Juliana Cardoso: “Quantas mulheres, antes de nós, tiveram tantos filhos, em casa, de parto natural?”

As mulheres, segundo observa, não têm tanta clareza do significado de um parto natural, humanizado. “Aprendem desde cedo e reforçam durante o pré-natal o pensamento de que cesárea é o melhor caminho, por que a dor seria insuportável. Então as mulheres têm de ser conscientizadas de que seu corpo foi preparado para receber uma criança. Quantas mulheres, antes de nós, tiveram tantos filhos, em casa, de parto natural? As próprias indígenas ainda hoje”.

No último dia 14, por 58 votos a 20, a Assembleia Legislativa de São Paulo aprovou o PL 435/2019, de autoria da deputada Janaína Paschoal (PSL). A proposta, que deverá ser sancionada pelo governador João Doria (PSDB), garante à gestante a autonomia de decidir pelo parto cirúrgico e pelo uso de anestesia no parto normal. Pelo projeto, a decisão será tomada na 39ª semana de gestação.

Polêmico, o projeto de Janaína é rejeitado pelos especialistas, que criticam o fato de a decisão pelo procedimento ser exclusiva da gestante, que pode escolher a cesárea mesmo que tenha condições para o parto normal. E principalmente pelos movimentos pela valorização do parto humanizado, que acreditam se tratar de uma ilusão.

“Muitas vezes haverá interferência dos médicos, dos enfermeiros, conforme a demanda ou mesmo a conveniência. Mesmo atualmente há centros de parto natural em hospitais e, dependendo do plantonista, a gestante acaba encaminhada para o centro cirúrgico”, diz Juliana.

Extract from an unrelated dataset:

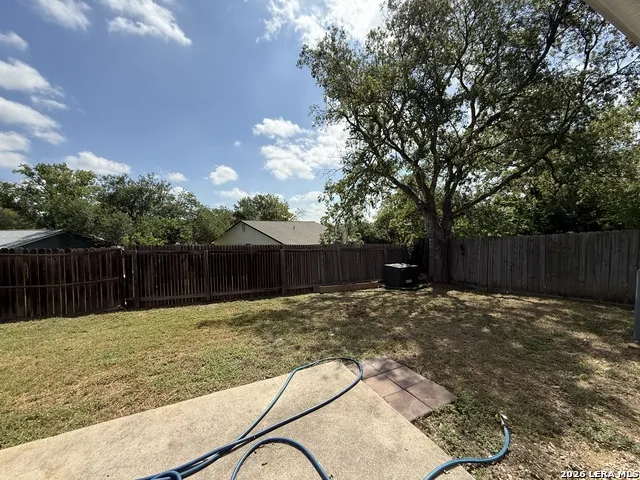 7107 Winter Rdg Converse, TX 78109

Diante da perspectiva de sanção do PL que conflita com avanços, mesmo que tímidos, na legislação da saúde materno infantil, surgem muitas questões. Ainda não se sabe como o município vai articular na prática essa nova lei com a legislação em vigor.

Juliana Cardoso defende que haja fiscalização para garantir a segurança no momento do parto, inclusive de opção pelo parto natural. E também um trabalho de sensibilização dos profissionais de saúde da rede municipal pelo parto humanizado. “Será que a gente pode instituir uma premiação aqui na câmara ou selos para estimular as instituições a fazer mais partos humanizados?”, questiona.

Violência

A cesariana e o parto normal induzido com uso de hormônio para acelerar as contrações, tornando o processo mais doloroso, ou com uso de ferramentas para retirada do bebê, como o fórceps, e mesmo o corte e sutura no períneo (episiotomia), desnecessário, para aumentar o canal de parto, são considerados formas de violência obstétrica. Trata-se de um complexo quadro de agressão contra a mulher no momento de dar à luz, que envolve diversos outros aspectos físicos e psicológicos, que podem deixar traumas.

Para discutir todas essas questões, a Comissão de Saúde, Promoção Social, Trabalho e Mulher da Câmara realizou nesta quarta-feira (21) audiência pública para tratar de um tema amplo que envolve o direito da mulher ao próprio corpo, o funcionamento do sistema de saúde, as altas taxas de cesariana, as casas de parto humanizado, a regulamentação da carreira de obstetrizes na cidade, inclusive com realização de concursos para as quais as aprovadas não foram chamadas até hoje e a questão orçamentária.